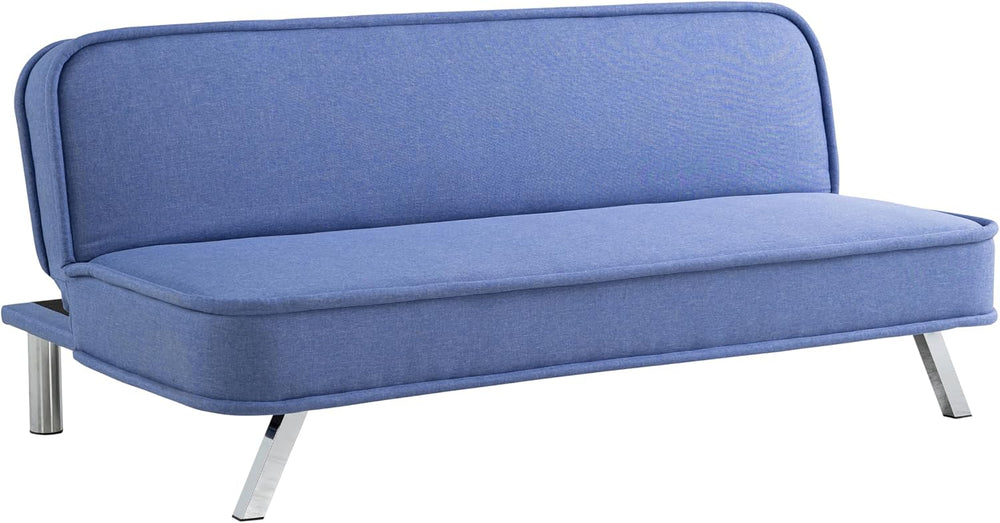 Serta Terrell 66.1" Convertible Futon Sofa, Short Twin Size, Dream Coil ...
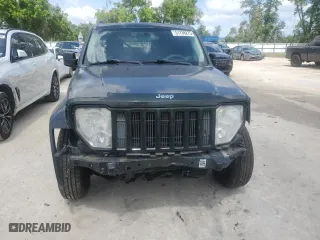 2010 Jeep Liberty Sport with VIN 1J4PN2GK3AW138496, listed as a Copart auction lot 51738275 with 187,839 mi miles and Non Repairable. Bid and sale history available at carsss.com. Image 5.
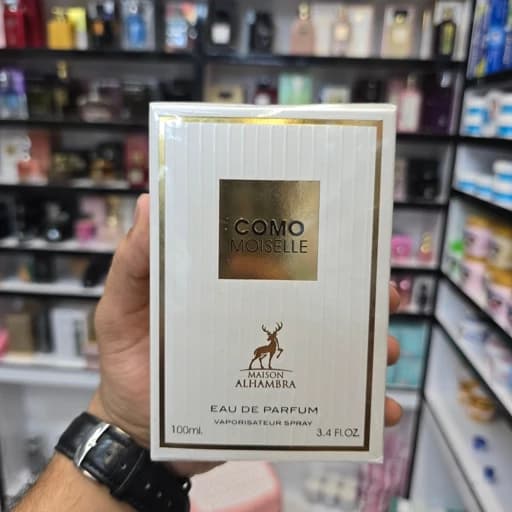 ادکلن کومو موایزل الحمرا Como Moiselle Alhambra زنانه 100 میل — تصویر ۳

* * *

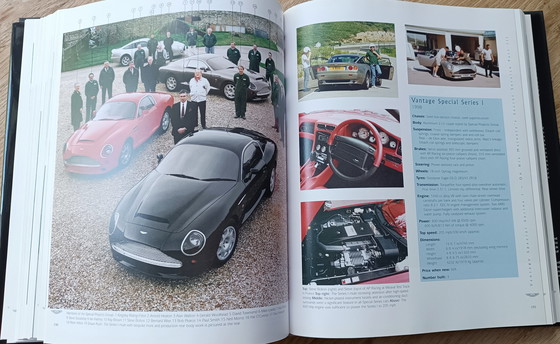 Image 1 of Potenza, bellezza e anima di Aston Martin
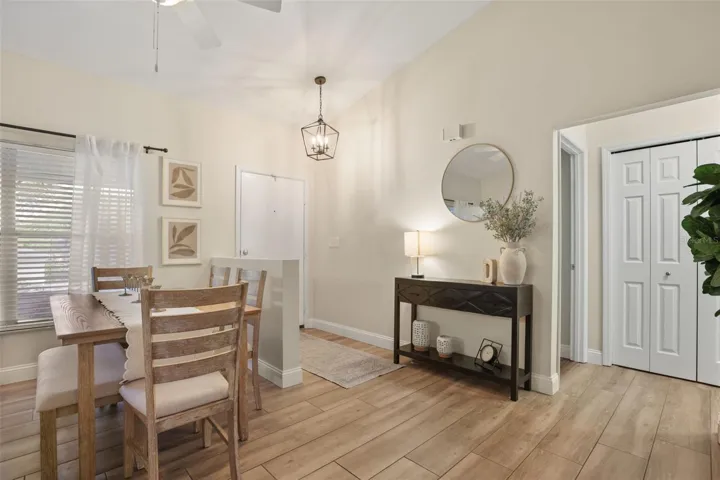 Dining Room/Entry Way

...

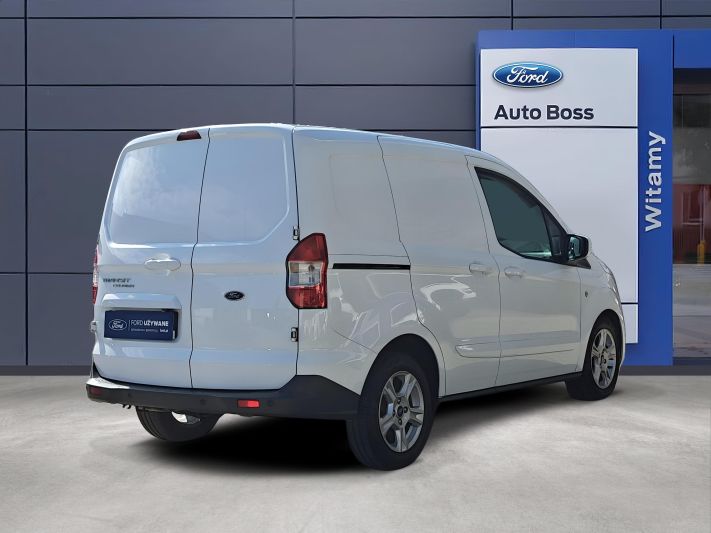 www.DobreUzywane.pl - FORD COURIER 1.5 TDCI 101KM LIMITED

• _INSTRUCTIONS TO FOLLOW_
Leaving out the pictures, please output the lines in the entries above from the one with "Dream Coil ..." through the one with "ادکلن کومو موایزل", exactly as they are.

• _EXPECTED ANSWER_
 Serta Terrell 66.1" Convertible Futon Sofa, Short Twin Size, Dream Coil ...
 2010 Jeep Liberty Sport with VIN 1J4PN2GK3AW138496, listed as a Copart auction lot 51738275 with 187,839 mi miles and Non Repairable. Bid and sale history available at carsss.com. Image 5.
 ادکلن کومو موایزل الحمرا Como Moiselle Alhambra زنانه 100 میل — تصویر ۳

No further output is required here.